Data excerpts
#####
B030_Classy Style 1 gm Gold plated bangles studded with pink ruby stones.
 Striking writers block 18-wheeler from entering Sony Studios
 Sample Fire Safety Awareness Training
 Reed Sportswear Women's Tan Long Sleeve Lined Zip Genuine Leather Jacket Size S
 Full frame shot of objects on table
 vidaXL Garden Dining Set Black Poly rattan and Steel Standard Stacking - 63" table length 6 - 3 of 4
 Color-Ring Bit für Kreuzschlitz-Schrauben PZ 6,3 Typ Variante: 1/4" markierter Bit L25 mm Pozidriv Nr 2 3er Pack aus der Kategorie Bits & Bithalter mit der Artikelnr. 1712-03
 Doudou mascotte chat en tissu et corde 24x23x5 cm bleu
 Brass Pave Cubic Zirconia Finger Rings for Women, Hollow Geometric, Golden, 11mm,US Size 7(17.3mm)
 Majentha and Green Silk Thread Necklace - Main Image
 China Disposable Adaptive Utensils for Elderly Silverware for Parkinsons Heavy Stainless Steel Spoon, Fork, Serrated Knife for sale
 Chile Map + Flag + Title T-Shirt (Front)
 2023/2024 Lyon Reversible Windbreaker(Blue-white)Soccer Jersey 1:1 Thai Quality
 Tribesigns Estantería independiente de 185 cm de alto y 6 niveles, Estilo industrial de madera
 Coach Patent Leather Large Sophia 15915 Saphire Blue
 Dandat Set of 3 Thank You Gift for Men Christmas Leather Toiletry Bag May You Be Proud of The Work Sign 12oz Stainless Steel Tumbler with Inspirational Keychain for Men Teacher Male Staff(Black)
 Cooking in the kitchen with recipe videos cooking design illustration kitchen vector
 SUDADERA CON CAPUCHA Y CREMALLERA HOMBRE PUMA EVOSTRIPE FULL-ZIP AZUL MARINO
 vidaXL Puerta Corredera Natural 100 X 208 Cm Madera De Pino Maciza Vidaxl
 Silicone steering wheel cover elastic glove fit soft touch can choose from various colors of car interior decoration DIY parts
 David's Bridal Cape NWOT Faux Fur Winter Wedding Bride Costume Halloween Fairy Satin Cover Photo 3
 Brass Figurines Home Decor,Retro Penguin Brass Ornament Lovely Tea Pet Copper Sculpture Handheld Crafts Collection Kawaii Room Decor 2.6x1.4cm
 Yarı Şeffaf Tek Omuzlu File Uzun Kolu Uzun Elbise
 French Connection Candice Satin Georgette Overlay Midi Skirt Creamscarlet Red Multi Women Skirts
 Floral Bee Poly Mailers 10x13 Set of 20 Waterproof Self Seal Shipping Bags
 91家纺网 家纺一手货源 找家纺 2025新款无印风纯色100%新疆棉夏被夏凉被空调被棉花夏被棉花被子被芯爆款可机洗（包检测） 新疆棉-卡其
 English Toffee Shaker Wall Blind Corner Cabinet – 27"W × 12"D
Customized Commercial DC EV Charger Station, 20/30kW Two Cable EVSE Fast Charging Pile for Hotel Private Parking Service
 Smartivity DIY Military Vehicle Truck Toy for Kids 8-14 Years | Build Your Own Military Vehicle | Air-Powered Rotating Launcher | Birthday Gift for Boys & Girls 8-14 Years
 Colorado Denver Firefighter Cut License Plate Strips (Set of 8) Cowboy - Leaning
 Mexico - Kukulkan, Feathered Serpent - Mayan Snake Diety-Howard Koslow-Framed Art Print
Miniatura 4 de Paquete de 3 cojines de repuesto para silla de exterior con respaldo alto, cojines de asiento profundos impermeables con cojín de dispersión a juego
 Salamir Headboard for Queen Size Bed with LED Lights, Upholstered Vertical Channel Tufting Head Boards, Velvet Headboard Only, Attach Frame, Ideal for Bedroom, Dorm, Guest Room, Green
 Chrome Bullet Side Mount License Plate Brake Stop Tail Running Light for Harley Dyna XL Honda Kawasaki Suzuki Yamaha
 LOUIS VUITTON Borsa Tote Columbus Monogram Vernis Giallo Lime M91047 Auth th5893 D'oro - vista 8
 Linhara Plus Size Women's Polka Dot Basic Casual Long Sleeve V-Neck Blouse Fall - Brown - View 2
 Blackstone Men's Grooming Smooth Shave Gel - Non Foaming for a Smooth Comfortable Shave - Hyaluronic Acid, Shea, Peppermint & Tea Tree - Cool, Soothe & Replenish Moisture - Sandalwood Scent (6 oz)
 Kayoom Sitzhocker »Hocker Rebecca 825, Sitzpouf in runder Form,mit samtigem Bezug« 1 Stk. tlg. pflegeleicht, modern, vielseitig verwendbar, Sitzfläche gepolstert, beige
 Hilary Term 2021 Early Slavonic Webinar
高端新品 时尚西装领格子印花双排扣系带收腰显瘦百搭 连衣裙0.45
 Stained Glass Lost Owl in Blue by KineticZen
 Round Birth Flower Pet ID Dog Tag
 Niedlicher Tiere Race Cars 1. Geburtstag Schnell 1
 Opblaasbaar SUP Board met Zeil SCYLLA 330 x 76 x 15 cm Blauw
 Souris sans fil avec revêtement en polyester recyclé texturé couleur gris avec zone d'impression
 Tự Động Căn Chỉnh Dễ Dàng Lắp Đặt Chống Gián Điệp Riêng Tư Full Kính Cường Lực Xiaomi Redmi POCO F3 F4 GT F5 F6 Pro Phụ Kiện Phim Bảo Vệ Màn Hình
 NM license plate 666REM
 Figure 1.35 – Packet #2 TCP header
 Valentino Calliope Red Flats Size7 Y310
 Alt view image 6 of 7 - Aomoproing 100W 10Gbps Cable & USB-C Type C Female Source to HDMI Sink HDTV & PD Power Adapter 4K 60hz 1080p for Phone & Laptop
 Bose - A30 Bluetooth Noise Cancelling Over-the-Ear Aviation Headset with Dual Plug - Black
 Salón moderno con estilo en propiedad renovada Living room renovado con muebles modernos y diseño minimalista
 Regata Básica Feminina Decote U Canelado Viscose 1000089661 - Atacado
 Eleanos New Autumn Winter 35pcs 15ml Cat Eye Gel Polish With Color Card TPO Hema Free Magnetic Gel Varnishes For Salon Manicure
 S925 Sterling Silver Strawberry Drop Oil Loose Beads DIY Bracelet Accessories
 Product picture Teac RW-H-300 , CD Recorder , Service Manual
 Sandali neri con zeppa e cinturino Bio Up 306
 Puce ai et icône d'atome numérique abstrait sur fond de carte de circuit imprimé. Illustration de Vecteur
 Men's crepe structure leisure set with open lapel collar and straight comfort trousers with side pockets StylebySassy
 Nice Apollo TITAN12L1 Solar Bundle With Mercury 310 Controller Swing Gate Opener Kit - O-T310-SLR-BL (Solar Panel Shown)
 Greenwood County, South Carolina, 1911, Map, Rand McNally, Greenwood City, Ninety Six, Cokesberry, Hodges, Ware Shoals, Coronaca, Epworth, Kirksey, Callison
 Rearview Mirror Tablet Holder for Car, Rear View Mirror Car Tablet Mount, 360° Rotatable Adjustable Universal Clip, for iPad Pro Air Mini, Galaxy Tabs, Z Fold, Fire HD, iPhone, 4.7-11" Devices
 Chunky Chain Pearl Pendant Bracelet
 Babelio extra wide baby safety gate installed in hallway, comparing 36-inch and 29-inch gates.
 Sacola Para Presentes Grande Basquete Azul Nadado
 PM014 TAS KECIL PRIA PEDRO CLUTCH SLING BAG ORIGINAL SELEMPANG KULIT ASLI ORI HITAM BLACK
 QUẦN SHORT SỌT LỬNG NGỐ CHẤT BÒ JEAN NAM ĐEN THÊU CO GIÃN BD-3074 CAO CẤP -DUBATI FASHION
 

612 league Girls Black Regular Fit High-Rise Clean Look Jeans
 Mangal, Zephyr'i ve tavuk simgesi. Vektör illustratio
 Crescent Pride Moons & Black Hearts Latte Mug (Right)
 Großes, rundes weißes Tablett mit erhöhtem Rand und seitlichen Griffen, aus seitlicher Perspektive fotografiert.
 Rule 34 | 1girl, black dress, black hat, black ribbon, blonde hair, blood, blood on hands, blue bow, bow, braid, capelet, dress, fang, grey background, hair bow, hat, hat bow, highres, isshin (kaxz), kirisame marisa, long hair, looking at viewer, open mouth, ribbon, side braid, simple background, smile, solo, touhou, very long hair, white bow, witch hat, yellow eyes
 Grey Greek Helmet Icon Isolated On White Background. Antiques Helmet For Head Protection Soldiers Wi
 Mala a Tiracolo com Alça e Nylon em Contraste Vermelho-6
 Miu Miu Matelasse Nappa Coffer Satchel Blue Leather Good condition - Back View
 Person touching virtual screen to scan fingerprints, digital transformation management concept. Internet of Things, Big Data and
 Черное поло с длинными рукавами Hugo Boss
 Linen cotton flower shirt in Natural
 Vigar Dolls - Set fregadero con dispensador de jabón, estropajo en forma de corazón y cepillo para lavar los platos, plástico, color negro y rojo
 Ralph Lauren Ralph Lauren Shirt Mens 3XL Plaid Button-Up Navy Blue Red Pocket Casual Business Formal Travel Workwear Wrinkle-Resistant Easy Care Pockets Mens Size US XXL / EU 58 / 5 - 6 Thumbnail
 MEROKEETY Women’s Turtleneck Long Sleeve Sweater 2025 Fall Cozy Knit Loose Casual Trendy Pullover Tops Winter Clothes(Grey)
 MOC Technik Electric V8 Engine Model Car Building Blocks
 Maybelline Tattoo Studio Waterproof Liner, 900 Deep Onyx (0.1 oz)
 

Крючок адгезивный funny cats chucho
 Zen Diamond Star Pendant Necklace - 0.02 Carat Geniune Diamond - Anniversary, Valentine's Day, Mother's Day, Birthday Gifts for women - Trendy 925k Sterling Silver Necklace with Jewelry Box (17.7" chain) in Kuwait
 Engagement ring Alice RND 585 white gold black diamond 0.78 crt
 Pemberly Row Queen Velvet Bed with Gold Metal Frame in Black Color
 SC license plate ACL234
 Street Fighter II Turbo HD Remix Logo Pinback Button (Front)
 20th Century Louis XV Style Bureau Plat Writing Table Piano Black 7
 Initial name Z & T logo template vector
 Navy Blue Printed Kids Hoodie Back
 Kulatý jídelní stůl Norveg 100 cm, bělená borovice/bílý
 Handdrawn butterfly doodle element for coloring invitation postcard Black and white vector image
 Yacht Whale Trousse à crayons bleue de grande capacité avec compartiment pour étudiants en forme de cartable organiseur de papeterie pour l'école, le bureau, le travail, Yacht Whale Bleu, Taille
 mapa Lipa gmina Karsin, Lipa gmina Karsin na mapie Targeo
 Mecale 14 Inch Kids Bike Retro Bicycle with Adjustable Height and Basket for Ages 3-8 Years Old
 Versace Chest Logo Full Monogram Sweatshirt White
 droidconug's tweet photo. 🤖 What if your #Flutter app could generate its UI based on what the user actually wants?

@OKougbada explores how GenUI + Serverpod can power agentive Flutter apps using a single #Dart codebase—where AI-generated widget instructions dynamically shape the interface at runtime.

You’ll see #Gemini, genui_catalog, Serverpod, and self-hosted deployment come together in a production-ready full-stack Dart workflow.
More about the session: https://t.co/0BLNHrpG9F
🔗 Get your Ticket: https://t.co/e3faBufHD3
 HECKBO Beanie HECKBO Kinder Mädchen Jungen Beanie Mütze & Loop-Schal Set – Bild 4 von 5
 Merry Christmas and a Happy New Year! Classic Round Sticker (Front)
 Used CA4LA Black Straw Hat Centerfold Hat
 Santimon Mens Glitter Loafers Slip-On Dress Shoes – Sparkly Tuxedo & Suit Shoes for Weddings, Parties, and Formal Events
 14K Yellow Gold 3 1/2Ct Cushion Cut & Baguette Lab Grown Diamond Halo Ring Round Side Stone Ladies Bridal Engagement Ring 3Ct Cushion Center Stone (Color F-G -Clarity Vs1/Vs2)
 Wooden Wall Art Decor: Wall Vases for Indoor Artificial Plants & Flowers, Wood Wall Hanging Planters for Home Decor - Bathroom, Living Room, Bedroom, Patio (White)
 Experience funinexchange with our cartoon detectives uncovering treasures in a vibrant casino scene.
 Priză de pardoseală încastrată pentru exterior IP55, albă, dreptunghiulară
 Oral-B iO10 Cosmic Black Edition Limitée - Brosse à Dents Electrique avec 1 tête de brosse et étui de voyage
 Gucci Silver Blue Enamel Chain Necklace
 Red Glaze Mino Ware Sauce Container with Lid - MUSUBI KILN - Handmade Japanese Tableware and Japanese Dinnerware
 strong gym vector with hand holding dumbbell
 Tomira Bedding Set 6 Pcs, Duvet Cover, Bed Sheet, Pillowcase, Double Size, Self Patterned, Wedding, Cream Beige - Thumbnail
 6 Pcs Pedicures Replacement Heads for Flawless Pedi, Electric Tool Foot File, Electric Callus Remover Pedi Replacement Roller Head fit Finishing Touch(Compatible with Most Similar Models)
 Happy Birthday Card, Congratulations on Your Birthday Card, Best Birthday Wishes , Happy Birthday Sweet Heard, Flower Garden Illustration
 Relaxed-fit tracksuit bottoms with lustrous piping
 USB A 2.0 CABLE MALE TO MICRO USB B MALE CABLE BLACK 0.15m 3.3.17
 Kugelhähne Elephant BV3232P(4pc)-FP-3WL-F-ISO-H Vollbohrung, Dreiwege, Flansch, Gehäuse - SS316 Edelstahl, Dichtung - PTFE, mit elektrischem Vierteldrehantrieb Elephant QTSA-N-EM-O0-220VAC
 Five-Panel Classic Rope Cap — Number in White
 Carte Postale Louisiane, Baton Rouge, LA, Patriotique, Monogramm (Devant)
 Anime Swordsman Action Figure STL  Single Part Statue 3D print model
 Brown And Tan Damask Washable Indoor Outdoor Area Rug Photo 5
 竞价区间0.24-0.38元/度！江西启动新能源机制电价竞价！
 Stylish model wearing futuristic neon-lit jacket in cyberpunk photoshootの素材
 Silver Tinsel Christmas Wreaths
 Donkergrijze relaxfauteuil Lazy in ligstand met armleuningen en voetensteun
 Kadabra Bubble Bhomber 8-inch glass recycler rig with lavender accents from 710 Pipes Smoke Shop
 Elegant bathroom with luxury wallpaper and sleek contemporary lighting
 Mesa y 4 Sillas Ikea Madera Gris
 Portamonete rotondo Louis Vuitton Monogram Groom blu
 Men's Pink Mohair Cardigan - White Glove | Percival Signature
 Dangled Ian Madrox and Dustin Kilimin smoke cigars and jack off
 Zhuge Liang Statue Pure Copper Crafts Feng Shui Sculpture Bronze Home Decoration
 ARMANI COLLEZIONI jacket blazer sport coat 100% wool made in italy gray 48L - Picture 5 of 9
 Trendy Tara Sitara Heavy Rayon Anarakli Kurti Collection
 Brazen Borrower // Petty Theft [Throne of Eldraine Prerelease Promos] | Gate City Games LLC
#####
Show the lines above with "Pendant".

Solution to this exercise
 Chunky Chain Pearl Pendant Bracelet
 Zen Diamond Star Pendant Necklace - 0.02 Carat Geniune Diamond - Anniversary, Valentine's Day, Mother's Day, Birthday Gifts for women - Trendy 925k Sterling Silver Necklace with Jewelry Box (17.7" chain) in Kuwait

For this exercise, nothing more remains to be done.